You can have the best business strategy in the world, but without the ability to put that strategy into action, you won't succeed. You have to know whether you possess the capability to do what you want to do. To determine whether you have that strategic capability, you can conduct a strategic analysis. While this analysis includes considerations like identifying customer needs and setting goals, part of it focuses on your business's capabilities.

Manufacturing, Product Purchasing or Service Delivery

When you set a strategy, it can involve getting your products or services to more customers, or creating a better price. You must evaluate whether you have the manufacturing ability to create those products at a price you can afford. If you do not manufacture, you must analyze your cash reserves or projected income to see whether you will have the money to purchase inventory. For a service business, you need to evaluate equipment and personnel needed to deliver your service in the way your strategy calls for. To give an example, if your strategy is to capture market share by offering volume discounts, you must have the capacity to make more products, buy more products or hire more service personnel.

Supply Chain

Your capability to execute a strategy might depend on suppliers. You need a strong supply chain that includes providers of raw materials or products for resale, shipping companies to deliver those goods, warehouse processing and distribution within your company to ensure that you receive what you need and get it to the people who will use it. Without this capability, a new strategy can get bogged down in flawed logistics. For example, if you need raw materials like wood and wood screws to make your product, but your supplier does not deliver on time, your entire strategy of selling wooden Christmas toys can have to wait until the following year.

Time to Market

Your ability to get your products or services to the market in a timely manner can help you successfully implement your strategy. Conversely, if you can't deliver your offerings on time, the competition might beat you to it or customers might lose faith in your ability to make good on your promises. For example, if your strategy is to offer a cellphone that has fewer features than the competition but costs less, an inability to get that phone into stores can result in consumers buying the product elsewhere.

Research and Development

Your strategy can depend on your ability to develop new products. This means you must have the capacity to conduct research and development. Otherwise, you can't come up with the unique offerings your strategy calls for. If you want to introduce an advanced version of a previous product, for example, your research and development department must be able to explore what additional features customers are willing to pay for.

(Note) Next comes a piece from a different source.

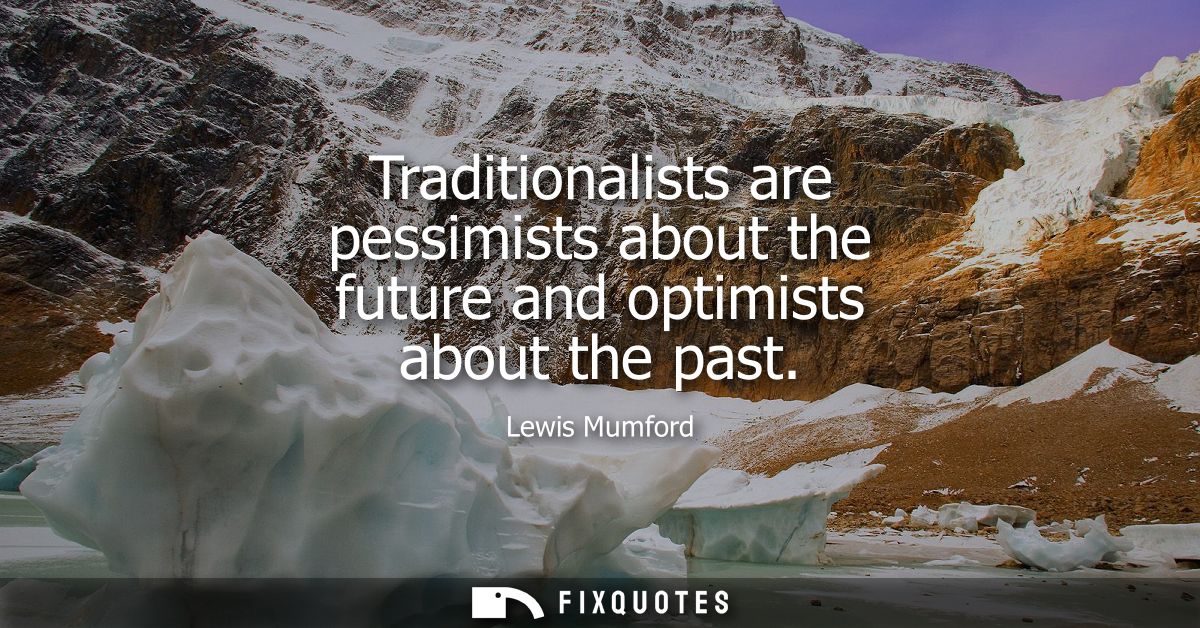 Traditionalists are pessimists about the future and optimists about the past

Skills Among Managers and Employees

A strategy that takes you into new markets or changes the way you do things can call for new skills. Your managers need to have the skills to implement the strategy, and your employees might need new skills to do new tasks. For example, if you run a consulting business that specializes in software training, and you decide to offer training in customer service as well, your management and employees will need to learn customer service techniques. Your other option is to hire people who have those skills.